Rechtspraak
Uitspraakdatum
22-06-2012
ECLI
ECLI:NL:TAHVD:2012:YA3614
Zaaknummer
6207
Inhoudsindicatie
Door verweerder ingesteld (in incidenteel) appel niet-ontvankelijk wegens temijn overschrijding. Verwijten over kwaliteit van de dienstverlening en enkele afspraken ongegrond.
Uitspraak
Beslissing van 22 juni 2012
in de zaak 6207
naar aanleiding van het hoger beroep van:
klaagster
tegen:
verweerder
1 HET GEDING IN EERSTE AANLEG
Het hof verwijst naar de beslissing van de Raad van Discipline in het ressort Amsterdam (verder: de raad) van 5 september 2011, onder nummer 10-367A, aan partijen toegezonden op 5 september 2011, waarbij een klacht van klaagster tegen verweerder ongegrond is verklaard.
2 HET GEDING IN HOGER BEROEP
2.1 De memorie waarbij klaagster van deze beslissing in hoger beroep is gekomen, is op 5 oktober 2011 ter griffie van het hof ontvangen.
2.2 Het hof heeft voorts kennis genomen van:
- de stukken van de eerste aanleg;
- antwoordmemorie van verweerder, ontvangen ter griffie van het hof op 24 februari 2012.
2.3 Het hof heeft de zaak mondeling behandeld ter openbare zitting van 16 april 2012, waar geen van de partijen is verschenen.
3 KLACHT
3.1 De klacht houdt, zakelijk weergegeven, in dat verweerder in strijd met artikel 46 Advocatenwet heeft gehandeld omdat hij:
a) bij een voorschotdeclaratie ten onrechte, zonder toelichting en zonder dat over een procedure was gesproken, bedragen voor griffierecht en deurwaarderskosten in rekening heeft gebracht.

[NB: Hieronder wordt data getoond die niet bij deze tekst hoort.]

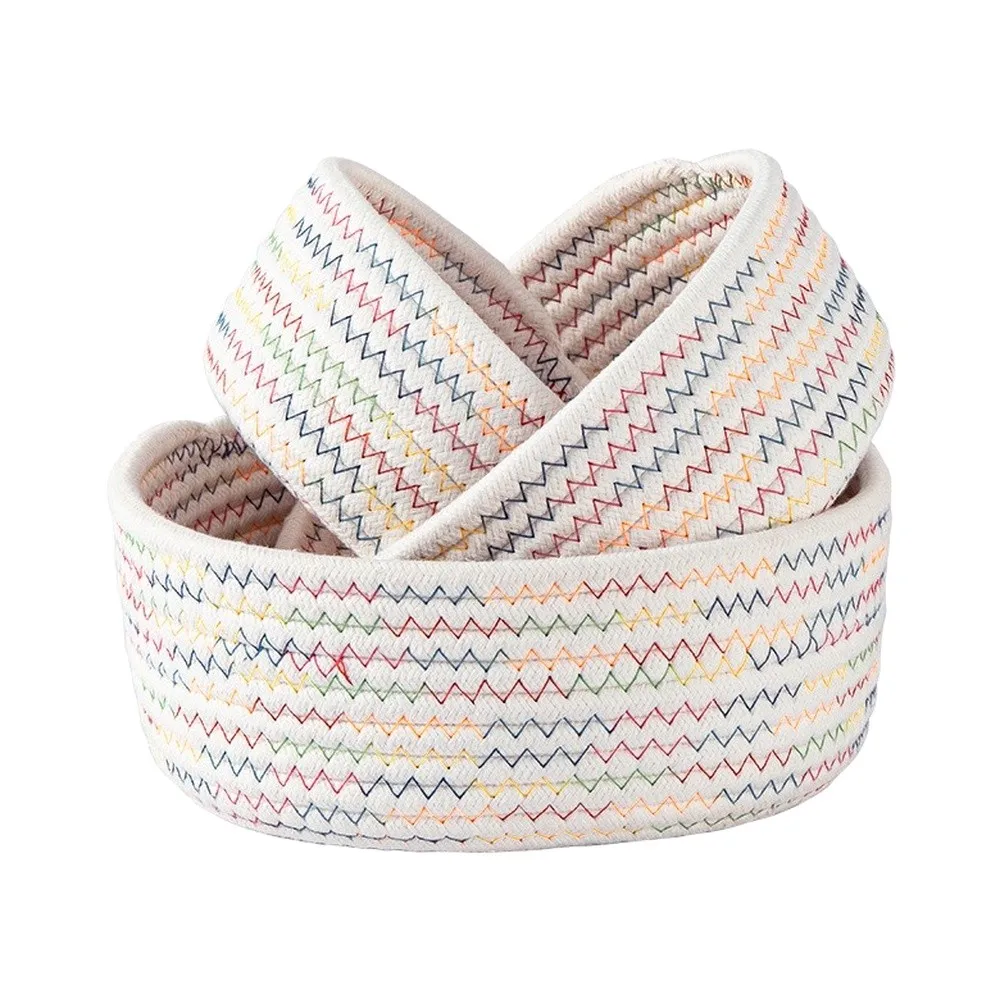 Woven Rope Cotton 3 Pack for Book Toy Linen Storage - Compact For Home Organization Bins S 17x8cm M 20x9cm L 24x10cm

b) op 13 januari 2010 aan klaagster heeft laten weten dat als voornoemde declaratie niet voor 20 januari zou zijn voldaan, hij niet meer voor haar zou willen optreden;
c) vervolgens niet meer van zich heeft laten horen, originele giroafschriften niet retour gezonden heeft en heeft aangekondigd de toevoeging te zullen declareren bij de Raad voor Rechtsbijstand terwijl hem bekend was dat klaagster de zaak wilde overbrengen bij een andere advocaat;
d) aanvankelijk geen factuur aan klaagster heeft willen verzenden en haar heeft gevraagd dat geld te komen langsbrengen.
4 FEITEN
In overweging 3. heeft de raad vastgesteld van welke feiten in deze procedure wordt uitgegaan. De door de raad vastgestelde feiten, welke niet zijn betwist, vormen ook in hoger beroep het uitgangspunt.
5 BEOORDELING
5.1 Voor zover verweerder in zijn antwoordmemorie bedoeld heeft beroep in te stellen tegen overweging 4.2 uit de beslissing van de raad, gaat het hof hieraan voorbij, omdat volgens het bepaalde in artikel 56 lid 1 en lid 3 van de Advocatenwet een beroep binnen 30 dagen na verzending van de beslissing door de raad dient te worden ingesteld.
5.2 Het onderzoek in hoger beroep heeft niet geleid tot andere beschouwingen en gevolgtrekkingen dan die vervat in de beslissing van de raad, waarmee het hof zich verenigt.
5.3 De grieven van klaagster tegen de beslissing van de raad worden verworpen. De beslissing van de raad dient te worden bekrachtigd.
BESLISSING
Het Hof van Discipline:
bekrachtigt de beslissing van de Raad van Discipline in het ressort Amsterdam van 5 september 2011, gewezen onder nummer 10-367A.
Aldus gewezen door mr. J.H.C. Schouten, voorzitter, mrs. A. Beker, P.M.A. de Groot-van Dijken, S.A Boele en W.K. van Duren, leden, in tegenwoordigheid van mr. H.A.H. Holm-Robaard, griffier, en in het openbaar uitgesproken op 22 juni 2012.